Let’s break down each component of this architecture mathematically and conceptually.
1. Reference Motion Refinement
The first step is cleaning the data. As the saying goes, “garbage in, garbage out.” If the teacher (the human motion data) is flawed, the student (the robot) will fail.
SMPL-Initialized Retargeting
Standard retargeting often starts with the robot in a “zero pose” (standing straight) and uses optimization to match the human’s pose. This is a non-convex optimization problem, meaning the solver can get stuck in “local minima”—weird, unnatural joint configurations that look mathematically close but are robotically awkward.
HuB improves this by initializing the solver using SMPL parameters. SMPL is a standardized 3D model of the human body.
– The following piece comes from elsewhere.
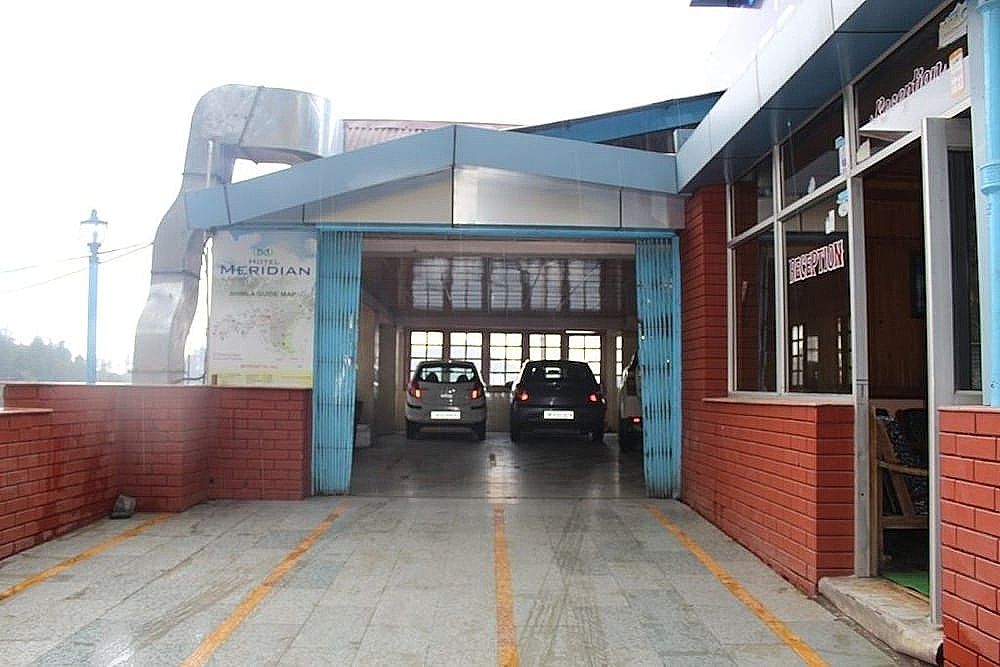 undefined Hotel Meridian Shimla 9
Since the humanoid’s joints are essentially a subset of human joints, using the SMPL Euler angles as the starting point for optimization puts the solver much closer to the correct answer, ensuring the resulting motion is physically natural.
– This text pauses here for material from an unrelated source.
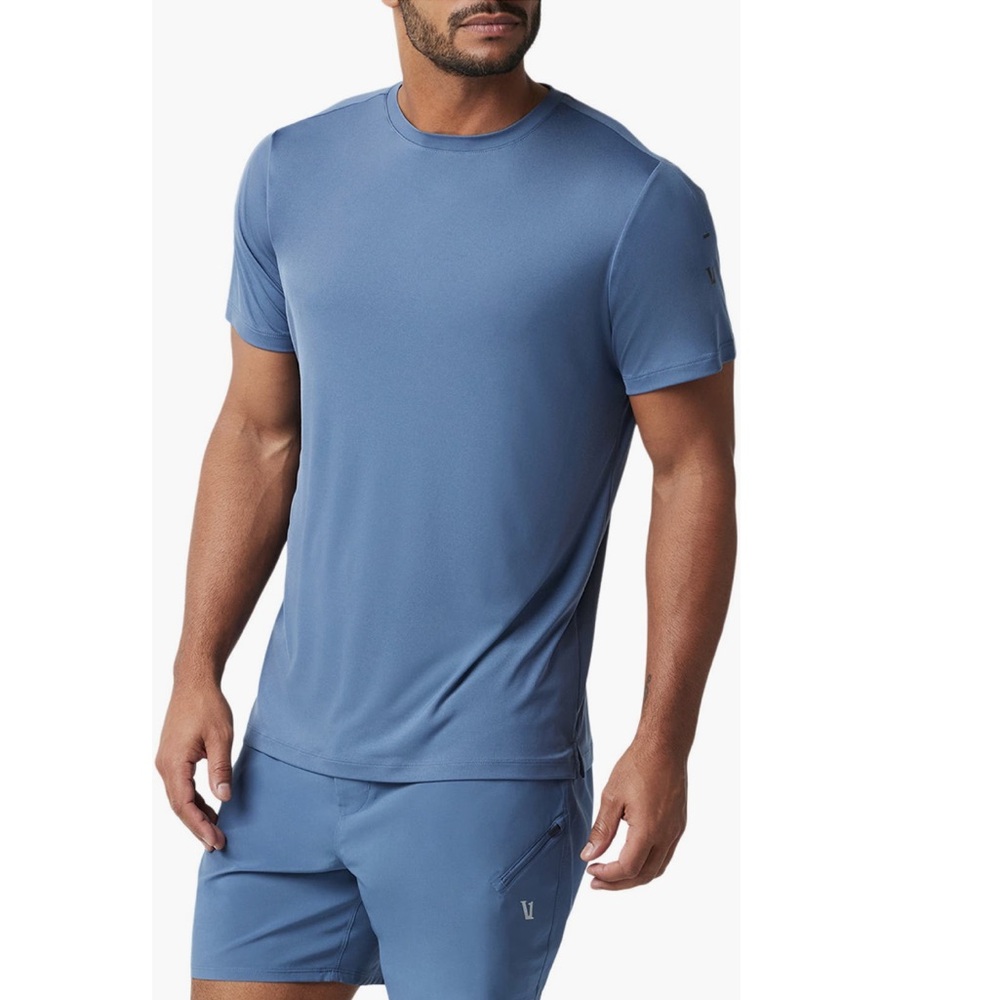 Vuori Terra Run Performance T-Shirt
Grounded Foot Correction & COM Filtering
Two specific physical checks are applied to the data:
- No Sliding: During single-leg stances, the human foot might appear to jitter in the video. HuB algorithmically locks the support foot’s position in the reference data, forcing the “goal” to be a stable, planted foot.
- Physics Check: Because of the mass differences mentioned earlier, some human poses are physically impossible for the robot. The system calculates the robot’s theoretical Center of Mass (COM) based on its URDF (Unified Robot Description Format). If the projection of the COM falls outside the support foot by more than 0.2m, that motion frame is discarded.
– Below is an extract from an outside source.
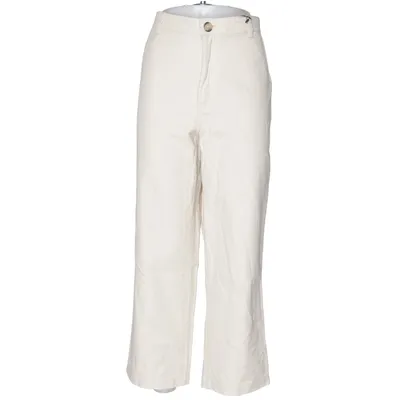 Pantalon (Beige) de Monokel Coton, Lin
As seen in the chart below, using SMPL-initialized retargeting significantly reduces the error (loss) between the intended motion and the retargeted motion, particularly for complex tasks like the Deep Squat.

2. Balance-Aware Policy Learning
Once the data is refined, we move to the Reinforcement Learning phase. This is where the robot learns how to execute the motion.
The “Relaxed Tracking” Philosophy
This is a critical insight of the paper. Previous methods forced the robot to track the reference motion as closely as possible. However, because the robot has a different body shape than the human, the “perfect” human pose might be unstable for the robot.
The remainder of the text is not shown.